Among the entries below, only the lines starting at the one with "Damen modisches Strickensemble" and ending at the one with "Valentino 25SS Copper-Amino", both included, are to be printed exactly.

═══ SUPPLIED MATERIAL ═══

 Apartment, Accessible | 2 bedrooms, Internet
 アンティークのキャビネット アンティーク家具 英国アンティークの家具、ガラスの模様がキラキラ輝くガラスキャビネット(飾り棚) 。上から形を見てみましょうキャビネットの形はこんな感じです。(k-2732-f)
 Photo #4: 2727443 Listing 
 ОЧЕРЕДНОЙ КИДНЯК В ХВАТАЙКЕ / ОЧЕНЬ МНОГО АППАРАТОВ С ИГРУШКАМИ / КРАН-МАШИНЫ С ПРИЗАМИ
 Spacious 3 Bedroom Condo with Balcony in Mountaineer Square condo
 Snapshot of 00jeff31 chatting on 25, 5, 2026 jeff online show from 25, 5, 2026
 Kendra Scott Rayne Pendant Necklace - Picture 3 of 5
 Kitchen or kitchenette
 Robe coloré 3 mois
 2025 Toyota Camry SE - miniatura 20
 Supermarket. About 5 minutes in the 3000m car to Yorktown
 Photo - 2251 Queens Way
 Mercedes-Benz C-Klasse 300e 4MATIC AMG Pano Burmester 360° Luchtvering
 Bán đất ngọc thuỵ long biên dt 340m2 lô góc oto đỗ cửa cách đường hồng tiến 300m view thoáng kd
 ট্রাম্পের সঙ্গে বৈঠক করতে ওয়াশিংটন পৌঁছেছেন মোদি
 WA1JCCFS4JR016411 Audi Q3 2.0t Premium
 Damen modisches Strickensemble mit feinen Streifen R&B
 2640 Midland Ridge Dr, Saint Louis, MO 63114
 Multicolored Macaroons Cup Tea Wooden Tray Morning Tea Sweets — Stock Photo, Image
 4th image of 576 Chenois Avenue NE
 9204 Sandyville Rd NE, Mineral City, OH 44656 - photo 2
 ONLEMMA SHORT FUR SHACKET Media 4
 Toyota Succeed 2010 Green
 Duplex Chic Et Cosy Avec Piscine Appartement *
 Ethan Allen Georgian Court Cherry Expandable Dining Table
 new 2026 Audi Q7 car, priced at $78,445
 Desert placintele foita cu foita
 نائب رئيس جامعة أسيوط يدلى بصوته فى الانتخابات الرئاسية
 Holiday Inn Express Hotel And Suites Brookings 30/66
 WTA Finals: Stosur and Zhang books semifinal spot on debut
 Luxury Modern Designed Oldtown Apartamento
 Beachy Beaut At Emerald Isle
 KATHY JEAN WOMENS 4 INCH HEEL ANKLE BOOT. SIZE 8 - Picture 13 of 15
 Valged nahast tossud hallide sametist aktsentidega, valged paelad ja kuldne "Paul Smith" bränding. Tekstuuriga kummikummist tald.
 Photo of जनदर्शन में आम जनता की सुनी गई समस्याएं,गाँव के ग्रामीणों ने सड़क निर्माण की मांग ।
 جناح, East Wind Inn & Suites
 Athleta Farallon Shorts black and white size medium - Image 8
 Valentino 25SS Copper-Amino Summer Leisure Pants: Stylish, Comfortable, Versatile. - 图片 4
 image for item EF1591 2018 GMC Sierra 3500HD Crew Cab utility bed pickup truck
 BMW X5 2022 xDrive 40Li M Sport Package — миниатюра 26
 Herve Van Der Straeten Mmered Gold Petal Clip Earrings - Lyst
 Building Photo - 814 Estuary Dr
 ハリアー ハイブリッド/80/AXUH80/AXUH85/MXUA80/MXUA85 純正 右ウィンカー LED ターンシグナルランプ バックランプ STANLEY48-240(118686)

═══

THE ANSWER:
 Damen modisches Strickensemble mit feinen Streifen R&B
 2640 Midland Ridge Dr, Saint Louis, MO 63114
 Multicolored Macaroons Cup Tea Wooden Tray Morning Tea Sweets — Stock Photo, Image
 4th image of 576 Chenois Avenue NE
 9204 Sandyville Rd NE, Mineral City, OH 44656 - photo 2
 ONLEMMA SHORT FUR SHACKET Media 4
 Toyota Succeed 2010 Green
 Duplex Chic Et Cosy Avec Piscine Appartement *
 Ethan Allen Georgian Court Cherry Expandable Dining Table
 new 2026 Audi Q7 car, priced at $78,445
 Desert placintele foita cu foita
 نائب رئيس جامعة أسيوط يدلى بصوته فى الانتخابات الرئاسية
 Holiday Inn Express Hotel And Suites Brookings 30/66
 WTA Finals: Stosur and Zhang books semifinal spot on debut
 Luxury Modern Designed Oldtown Apartamento
 Beachy Beaut At Emerald Isle
 KATHY JEAN WOMENS 4 INCH HEEL ANKLE BOOT. SIZE 8 - Picture 13 of 15
 Valged nahast tossud hallide sametist aktsentidega, valged paelad ja kuldne "Paul Smith" bränding. Tekstuuriga kummikummist tald.
 Photo of जनदर्शन में आम जनता की सुनी गई समस्याएं,गाँव के ग्रामीणों ने सड़क निर्माण की मांग ।
 جناح, East Wind Inn & Suites
 Athleta Farallon Shorts black and white size medium - Image 8
 Valentino 25SS Copper-Amino Summer Leisure Pants: Stylish, Comfortable, Versatile. - 图片 4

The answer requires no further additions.